**Assignment**.
Exercise in exact copying: restate word for word only the lines below from the one containing "Fototapeta Simple Icon" through the one containing "Mamaw is mijn", omitting any pictures.

**Data**.
- - - - - - -
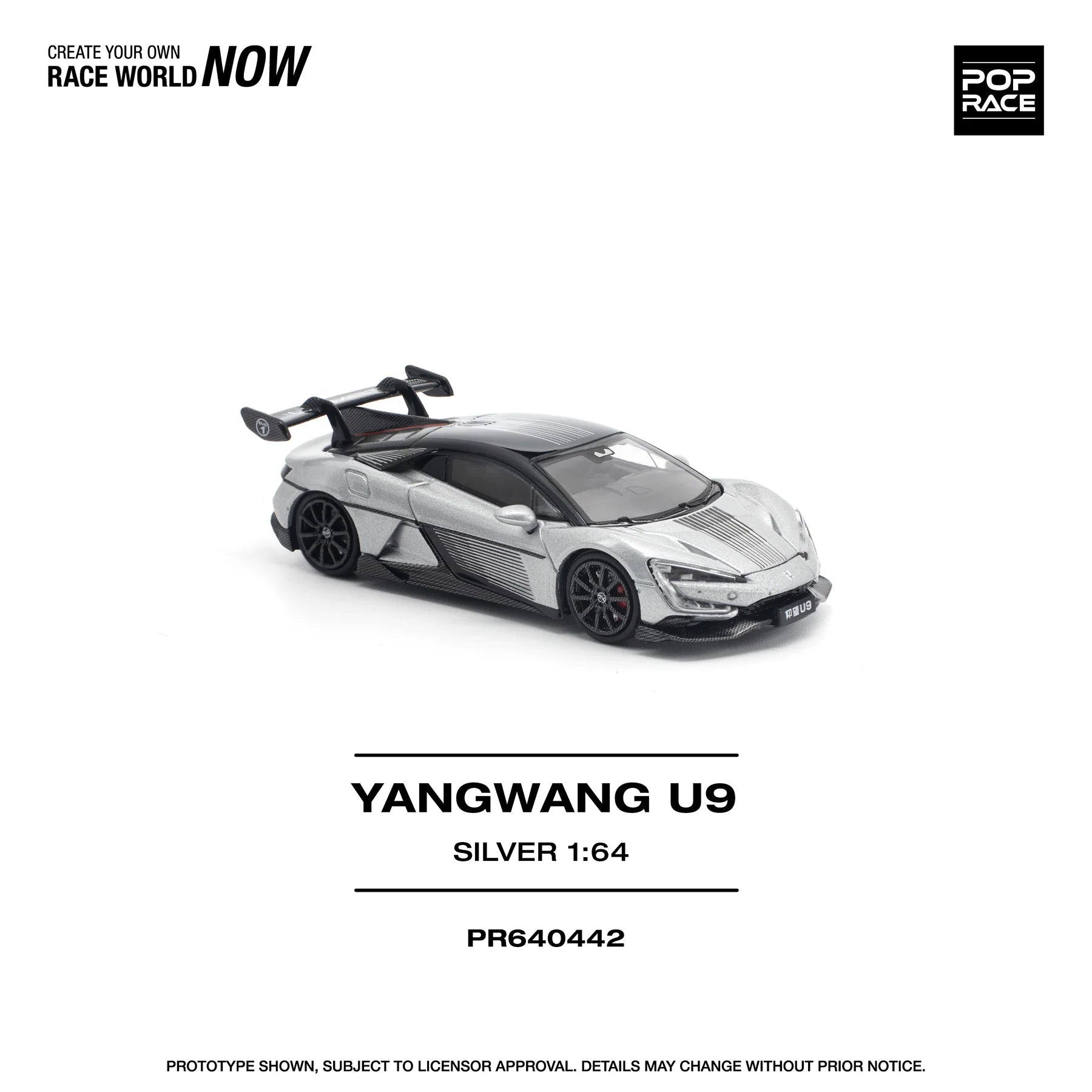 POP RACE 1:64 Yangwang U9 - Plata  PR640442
- - - - - - -
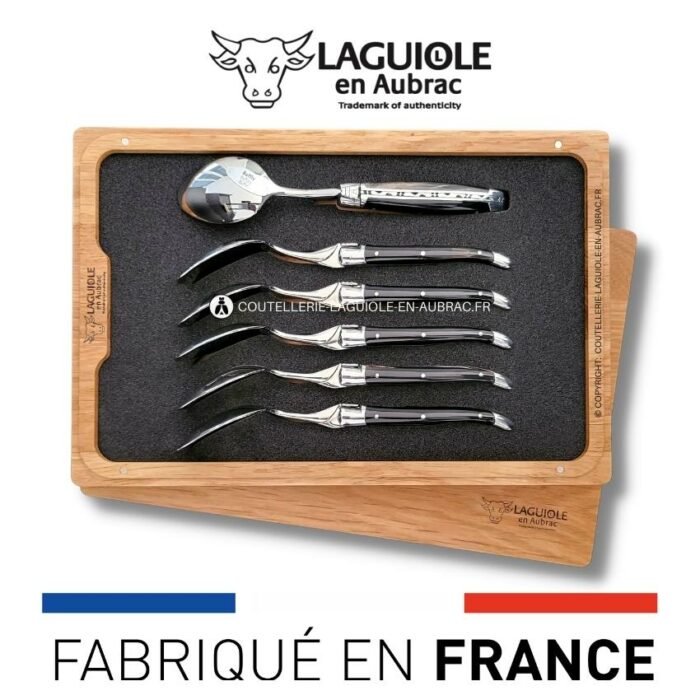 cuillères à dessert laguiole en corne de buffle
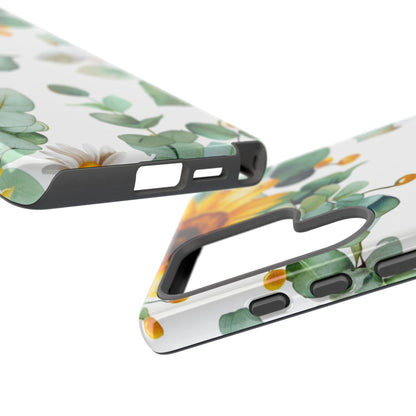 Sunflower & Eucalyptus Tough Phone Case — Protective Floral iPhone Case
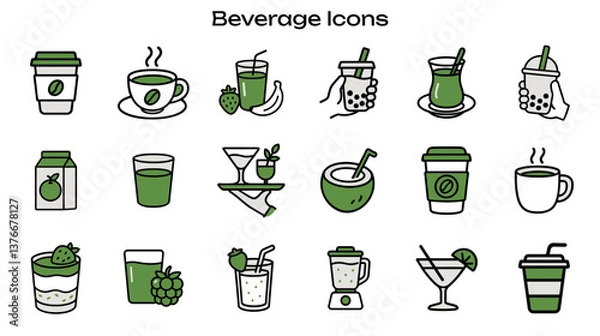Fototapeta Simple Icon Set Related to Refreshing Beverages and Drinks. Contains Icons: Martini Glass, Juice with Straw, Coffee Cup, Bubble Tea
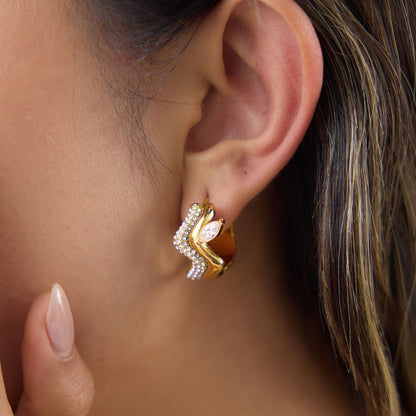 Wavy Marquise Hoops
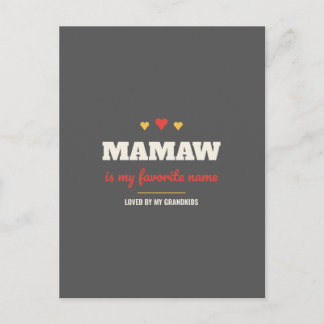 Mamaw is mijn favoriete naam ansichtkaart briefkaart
- - - - - - -
**Your solution**.
Fototapeta Simple Icon Set Related to Refreshing Beverages and Drinks. Contains Icons: Martini Glass, Juice with Straw, Coffee Cup, Bubble Tea
 Wavy Marquise Hoops
 Mamaw is mijn favoriete naam ansichtkaart briefkaart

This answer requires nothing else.